Salary History: Is It Smart To Tell All?

When applying for that exciting new tech job, there comes a time in the interview process when you’re asked to provide a previous salary history. You’ve been hoping for a salary increase and, let’s be honest, it can be tempting to inflate your numbers slightly. But what’s the right move?

Is it wise to answer the salary question truthfully? If you do, are you impeding the opportunity to grow your salary with your new position? Experts at Robert Half Technology agree that if you’re specifically asked about your salary history by a potential  employer, don’t inflate your previous salary.  “With such wide access to salary information, employers would know pretty quickly if a candidate wasn’t realistic about what they were being paid,” says Matt McKee, branch manager of Robert Half Technology in Oak Brook Terrace, IL. Besides, he says, inflating can backfire. “Candidates can inflate themselves right out of a good job if their worth isn’t obvious.” What if you believe you were underpaid at your last position? “Provide at least an expected salary range,” advises  Eric South, branch manager at Robert Half Technology in Nashville.  “Most employers want to provide a fair salary – they know they need to pay competitively to retain talent in today’s  IT hiring market. They will most likely work to match your expectations if you can clearly demonstrate your qualifications.” McKee agrees.  “Previous salaries are not necessarily an indication of a candidate’s worth – they are an indication of the market at the time, and employers are well aware of this,” says McKee. ”There’s so much information available about current IT salaries; most employers have a good sense of realistic compensation levels based on tenure and skill sets in today’s market.” South and McKee have three additional tips for responding to salary questions:

  1. Answer the question. If you leave a blank space on an application or fail to respond to the salary question, it may raise unnecessary questions. “Candidates should reply if they are asked about salary,” says McKee. “They may not necessarily be eliminated if they don’t, but it may raise a red flag for the employer and draw attention away from the candidate’s attributes.”
  2. Do your research. If you aren’t currently earning your potential and choose to answer the question with an expected salary, make sure it’s realistic. Refer to Robert Half Technology’s 2014 IT Salary Guide to determine starting salaries for more than 70 technology positions. Based on your experience, skills and even your location, it’s easy to determine a competitive salary range for the job you’re seeking.

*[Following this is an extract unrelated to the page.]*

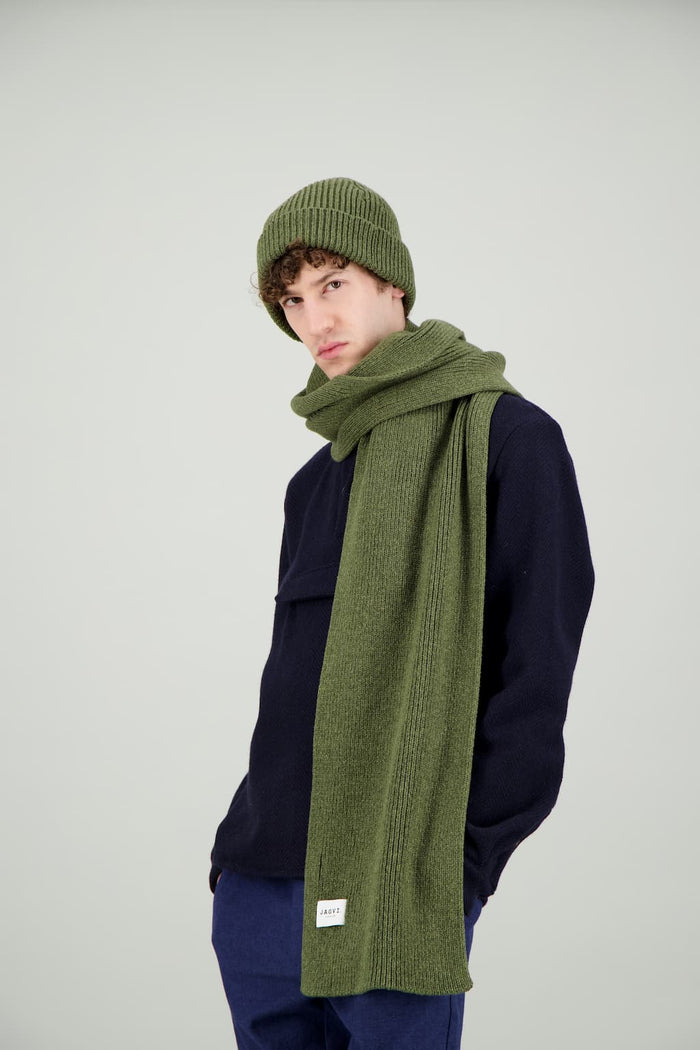 Jagvi Bonnet Kaki Mouliné Laine Merinos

Candidates may have certain expectations about what they should be paid, but what really matters is what the market will bear at that time
  3. Provide a salary range, but keep it narrow. “Giving a five-to-ten thousand dollar range in your salary expectations is fine, but don’t make it wider than that,” says South.

By following these tips, you’re well on your way to having an honest and fair conversation about compensation, one of the most difficult subjects during the interview process.